PENSAMENTO PLURAL O mau uso da delação premiada, por Rui Leitão
Em sua mais recente crônica, o escritor e historiador Rui Leitão reflete sobre o instituto da delação premiada e, apesar de reconhecer sua “importância nos processos de de investigação penal”, critica “seu uso de forma irresponsável como temos tido conhecimento em muitos casos, atendendo interesses escusos e transformando-a em show midiático”. Rui usa como exemplo o recente episódio envolvendo a delação de Palocci que, no primeiro momento, incriminava o ex-presidente Lula e, recentemente, a Polícia Federal desmontou seu testemunho, por não encontrar provas contra o petista. Confira a íntegra de seu comentário…
Embora não veja com bons olhos o instituto jurídico da delação premiada, não posso desconhecer a sua importância nos processos de investigação penal., possibilitando o desmantelamento de quadrilhas criminosas. O meu questionamento se dá quanto ao seu uso de forma irresponsável como temos tido conhecimento em muitos casos, atendendo interesses escusos e transformando-a em show midiático. Ela não deve ser compreendida como o único e mais eficaz meio de avançar nos procedimentos investigatórios, partindo do pressuposto de que “os fins justificam os meios”.

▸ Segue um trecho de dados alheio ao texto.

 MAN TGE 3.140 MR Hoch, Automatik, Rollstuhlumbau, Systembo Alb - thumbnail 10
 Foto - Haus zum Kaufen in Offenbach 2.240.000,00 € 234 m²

Há notícias de muitas delações premiadas que foram forjadas com o objetivo de beneficiar o delator que denuncia pessoas identificadas como inimigas políticas do sistema. O delator é instigado a promover uma seleção fática com o propósito de ganhar o seu “prêmio”, ao exercitar a “deduragem” que fortalecerá o aparato acusatório. Os acordos firmados têm se revelado, em muitos casos, um negócio bem vanatajoso para o delator. Principalmente para aqueles que não demonstram qualquer constrangimento em se submeter ao jogo espúrio, sem observância dos ditames legais por parte de agentes do Estado.
Interessante que o delator é considerado um bandido até o momento em que se dispõe a delatar. A partir de então ele passa a ser visto como alguém em quem se pode confiar, mesmo quando as evidências mostrem que suas afirmações são desprovidas de veracidade. O que vale é a conquista dos “favores” negociados nos termos do acordo firmado. Na busca da liberdade, vende sua alma inescrupulosamente. Há advogados especialistas na formulação desses acordos.

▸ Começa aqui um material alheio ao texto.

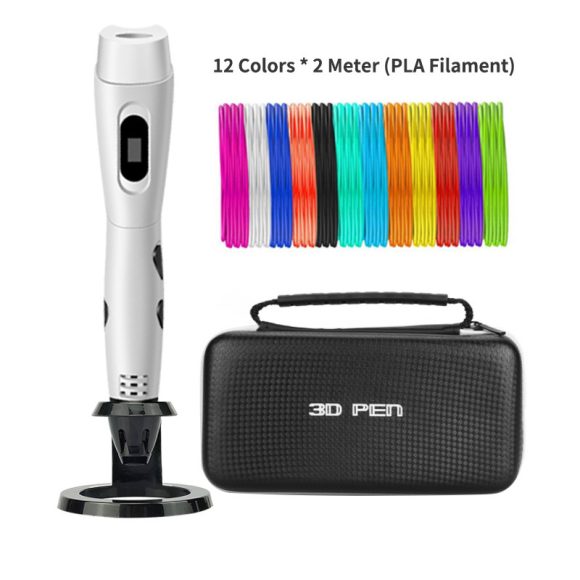 New 3D Printing Pen Painting DIY Creation - Image 6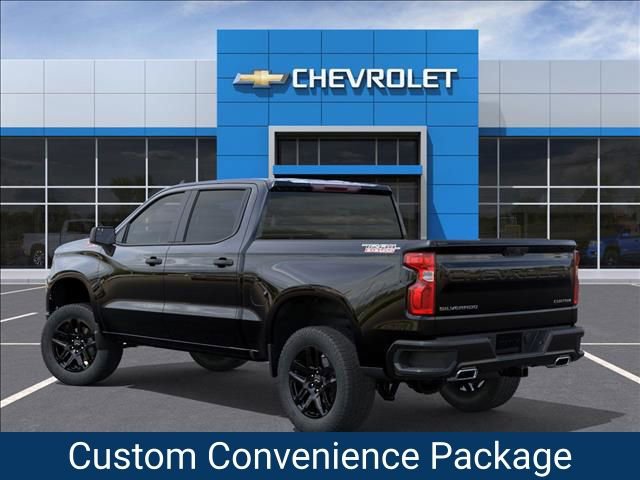 New 2026 Chevrolet Silverado 1500 Custom Trail Boss image 3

Tenho dificuldade em adequar a delação a valores éticos. Porém, muitos procuram justifica-la pelo princípio do finalismo aristotélico, o que dispensaria a obediência a conceitos morais. Ninguém pode argumentar que essas denúncias sejam motivadas por sentimentos nobres ou impulsionadas por remorsos de crimes porventura cometidos. Para salvar a própria pele o delator se dispõe a praticar, se preciso for, a mentira e a indignidade.

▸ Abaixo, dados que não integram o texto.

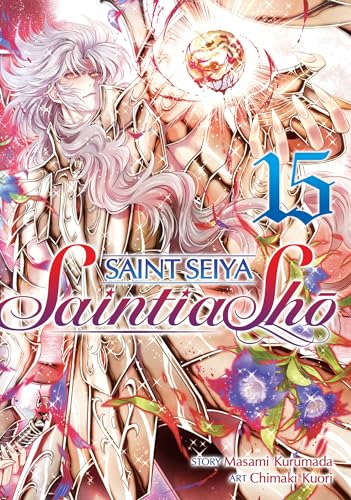 Saint Seiya Saintia Sho Vol. 15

A espetacularização midiática se encarrega de produzir o linchamento público de quem for apontado como comparsa ou chefe do delatado. Ao Estado não compete barganhar com a criminalidade, fazendo uso de falsas denúncias, produzidas pelo desespero ou por pressões de agentes nelas interessados. Quando isso acontece, coloca o “jus puniendi” acima dos direitos individuais. Urge fazer uma reflexão crítica quanto à sua aplicação, de forma a que não se incida em erros jurídicos irreparáveis
O caso mais recente de delação articulada criminosamente é a do ex-ministro Palocci. As informações por ele prestadas e que justificaram sua saída da cadeia, com direito a abocanhar alguns milhões de reais, foram todas desmentidas pelo relatório conclusivo da Polícia Federal. E agora? Como remediar as consequências dessa delação, que causou danos inestimáveis ao banco BTG e ao ex-presidente Lula? Bom lembrar que a delação foi vazada pelo então juiz Sérgio Moro às vésperas da eleição presidencial, causando grande repercussão na campanha.
Que o caso Palocci sirva de exemplo na confirmação de que esse instrumento vem sendo utilizado, muitas vezes, de forma irresponsável, em negociatas de interesses políticos. Está na hora de examinar a prática desse instituto jurídico, oferecendo-lhe os cuidados que se fazem necessários para que as regras a respeito sejam seguidas à risca. Nunca desprezando a análise causal entre as informações prestadas pelo delator e as descobertas da investigação, na procura incessante das provas das denúncias apresentadas.